Work request: Copy only the lines from the one with "รูป คอนโดให้เช่า ลุมพินี" through the end of the records, exactly as they stand. No pictures belong in the copy.

Working data:
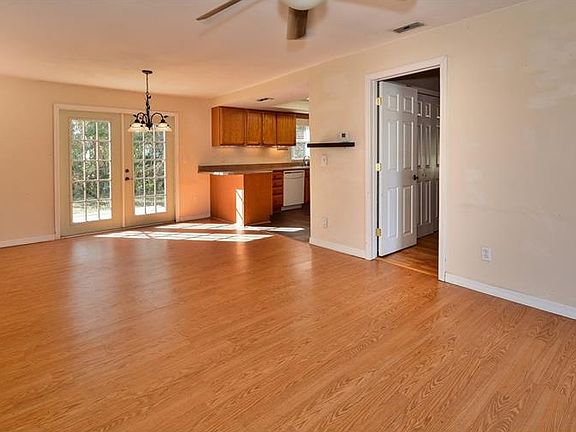 4th image of 2520 Myra St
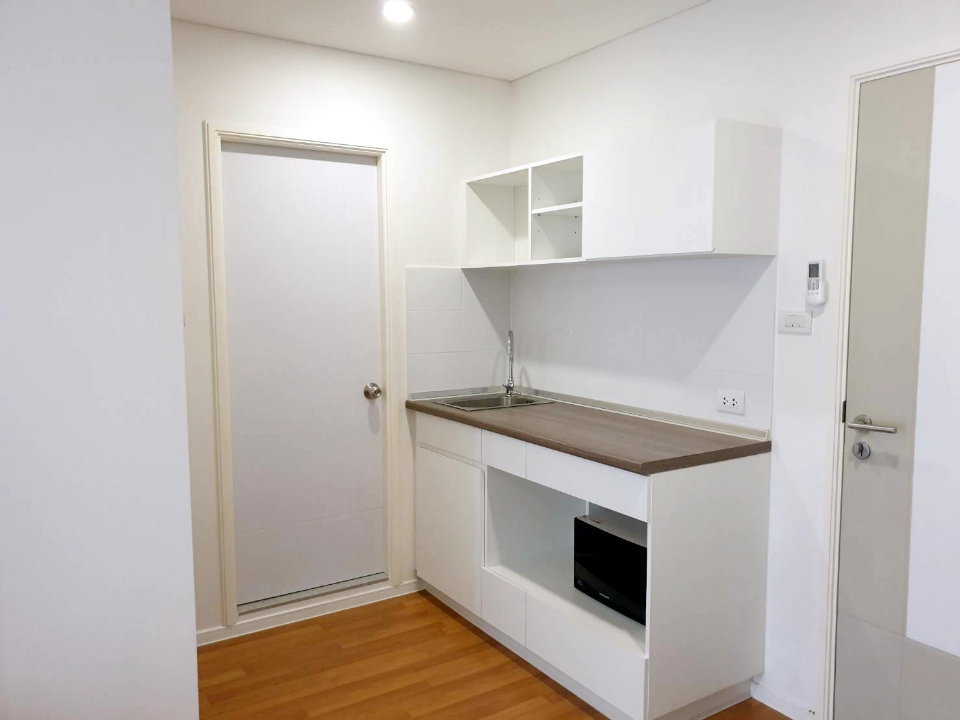 รูป คอนโดให้เช่า ลุมพินี เพลส บางนา กม.3 (ถูกที่สุด!!! กว้าง 26 ตร.ม) ของใช้ครบครัน!!! - รูปที่ 6/13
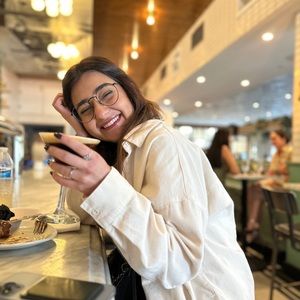 Meet your Posher, Leen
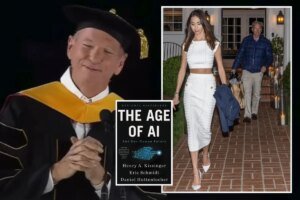 Ex-Google CEO Eric Schmidt booed at Arizona commencement over AI, sex harassment claims
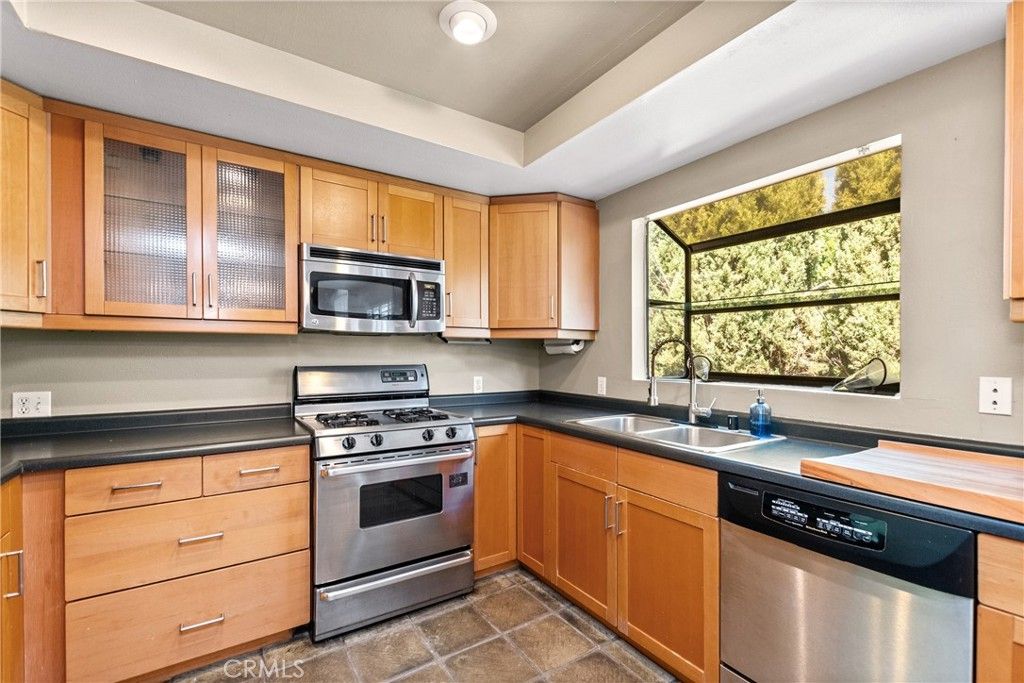 23586 EHLERS Drive, Chatsworth, CA 91311
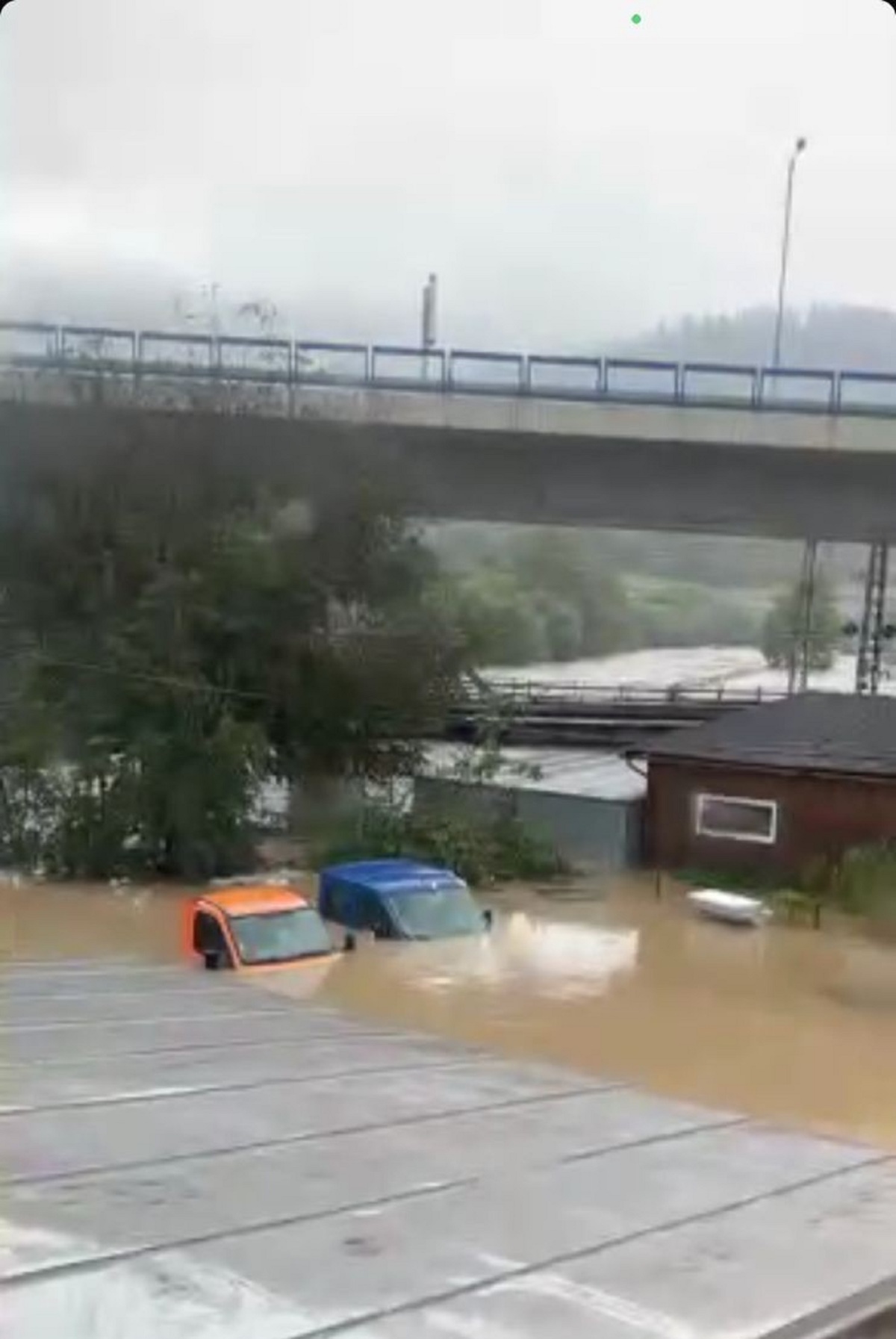 autá, povodeň, Čadca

Task answer:
 รูป คอนโดให้เช่า ลุมพินี เพลส บางนา กม.3 (ถูกที่สุด!!! กว้าง 26 ตร.ม) ของใช้ครบครัน!!! - รูปที่ 6/13
 Meet your Posher, Leen
 Ex-Google CEO Eric Schmidt booed at Arizona commencement over AI, sex harassment claims
 23586 EHLERS Drive, Chatsworth, CA 91311
 autá, povodeň, Čadca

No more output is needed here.